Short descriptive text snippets

● ● ● ● ●

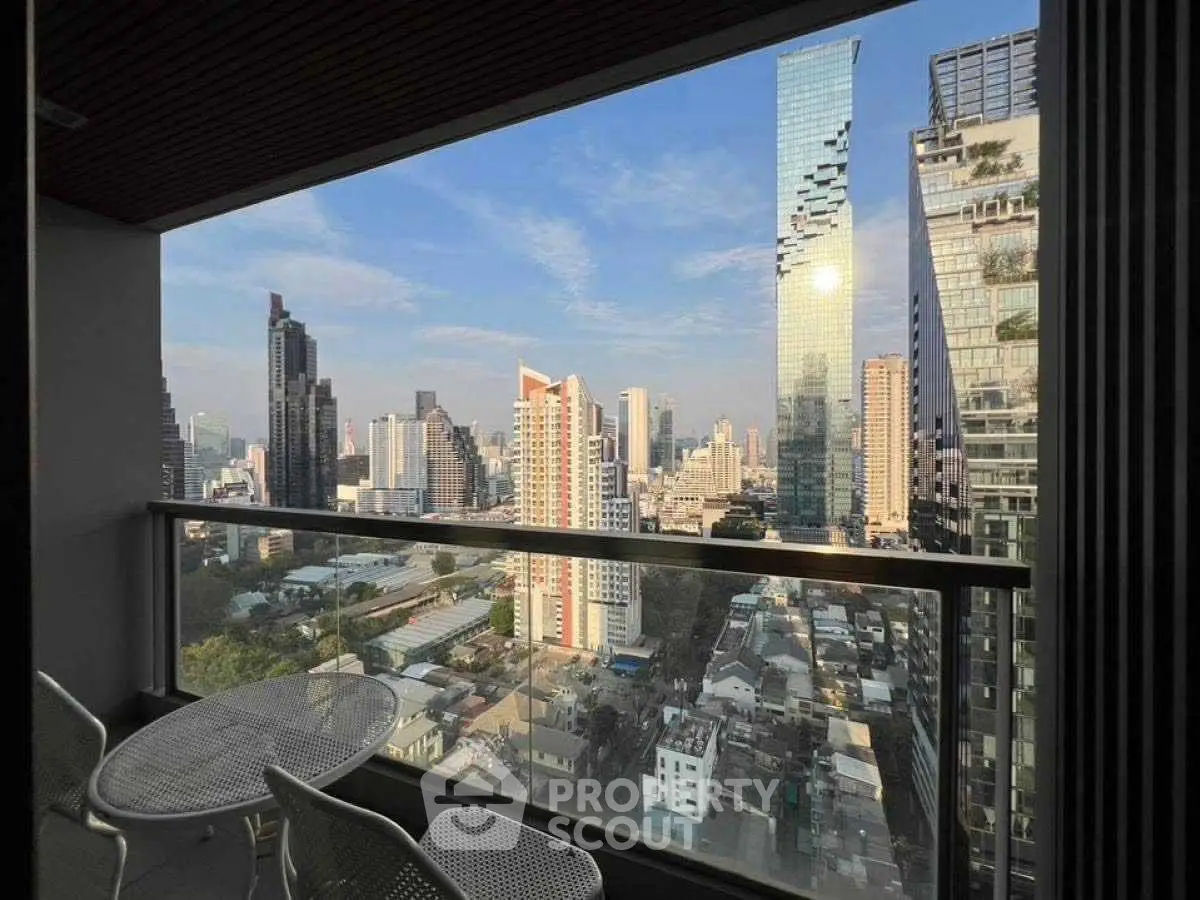 Stunning cityscape view from a modern balcony with stylish outdoor seating.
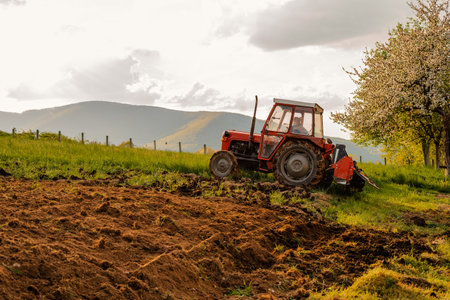 Tractor sowing crops at agricultural fields in spring.の写真素材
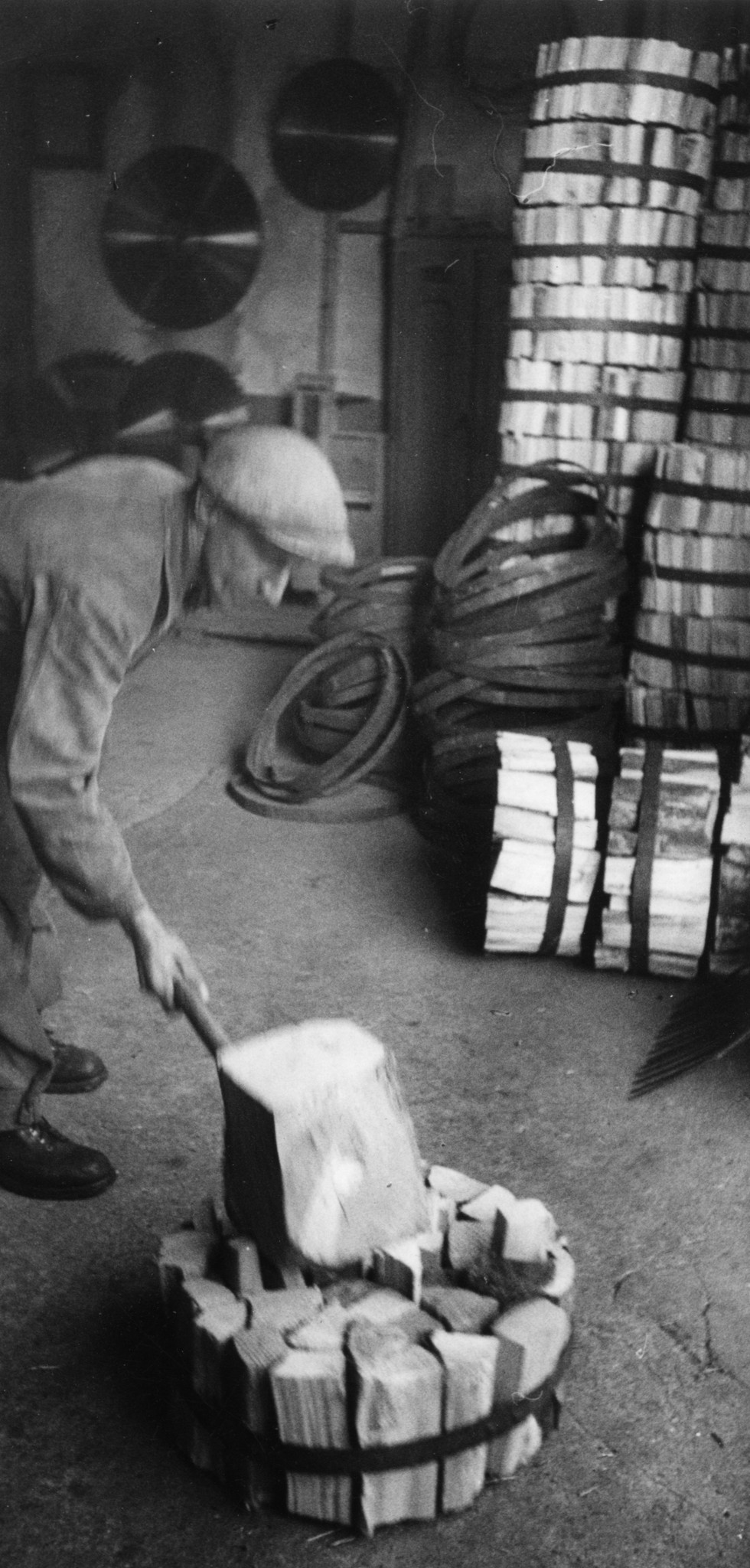 Kohle/Holz: Mann behandelt ein Bündel Holz mit dem Holzhammer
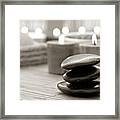 Polished Stone Cairn And Candles Burning In A Spa Framed Print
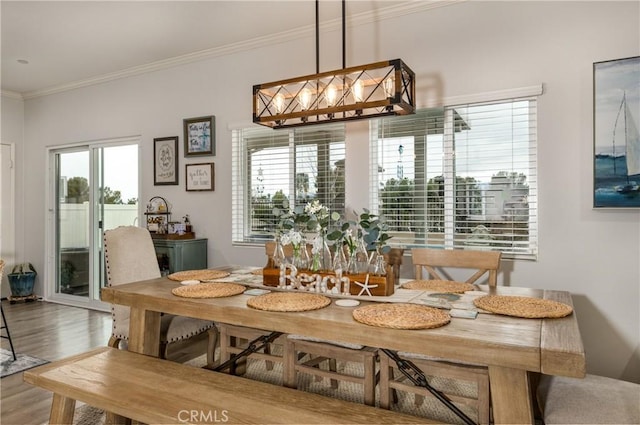 dining area featuring crown molding and wood finished floors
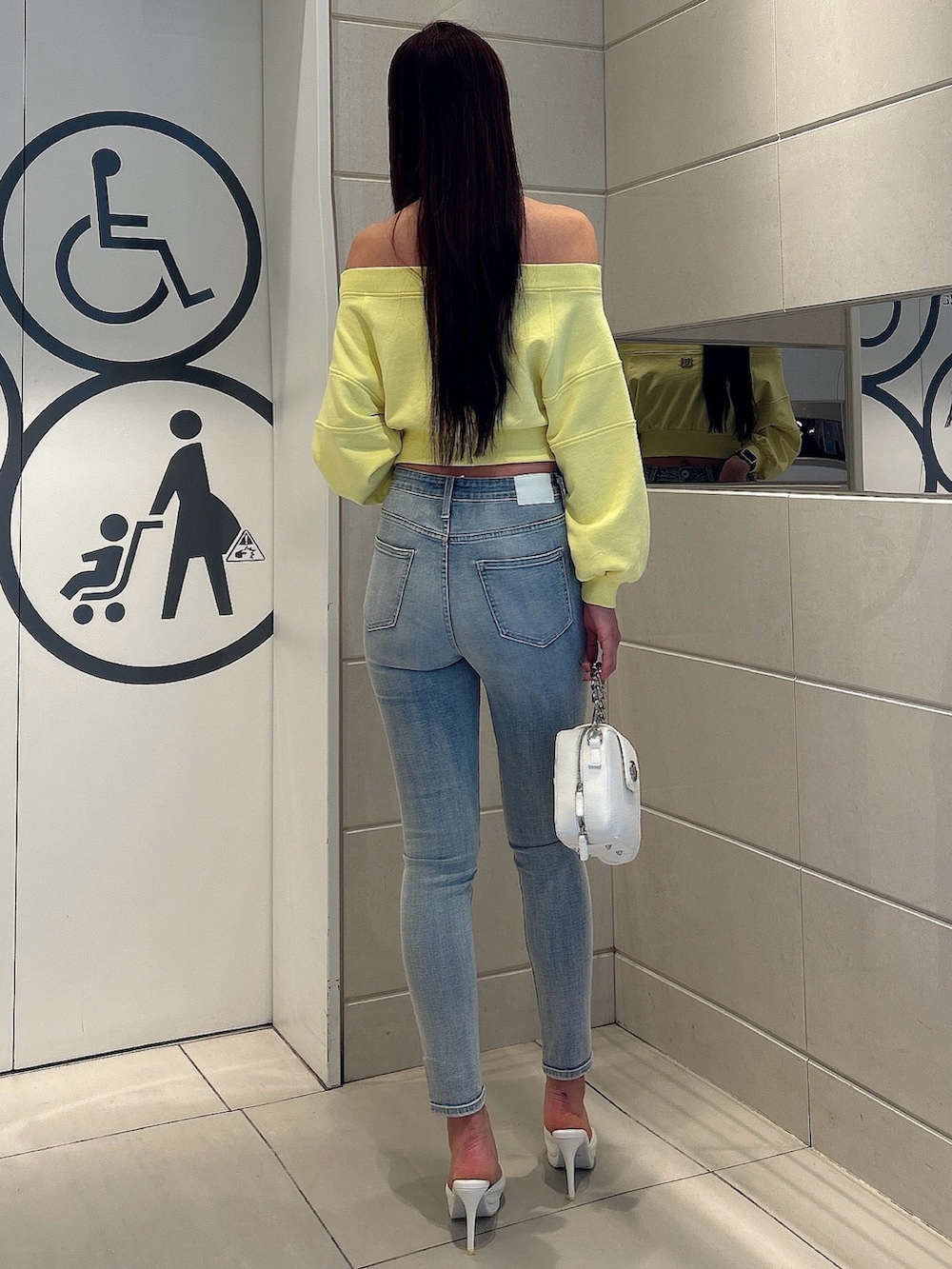 イエロー系のスウェット、ホワイト系のショルダーバッグ、ホワイト系のパンプスを着用したレディースの冬コーディネートの3枚目の写真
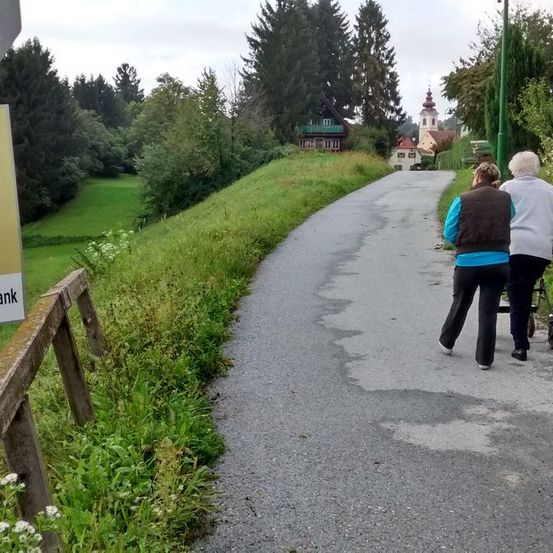 Zwei ältere Frauen gehen einen Schotterweg hinunter, an dem ein Schild mit der Aufschrift 'er' neben einem Holzzaun steht.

● ● ● ● ●

What is needed is an exact repeat of every entry above, with the pictures left out.

 Stunning cityscape view from a modern balcony with stylish outdoor seating.
 Tractor sowing crops at agricultural fields in spring.の写真素材
 Kohle/Holz: Mann behandelt ein Bündel Holz mit dem Holzhammer
 Polished Stone Cairn And Candles Burning In A Spa Framed Print
 dining area featuring crown molding and wood finished floors
 イエロー系のスウェット、ホワイト系のショルダーバッグ、ホワイト系のパンプスを着用したレディースの冬コーディネートの3枚目の写真
 Zwei ältere Frauen gehen einen Schotterweg hinunter, an dem ein Schild mit der Aufschrift 'er' neben einem Holzzaun steht.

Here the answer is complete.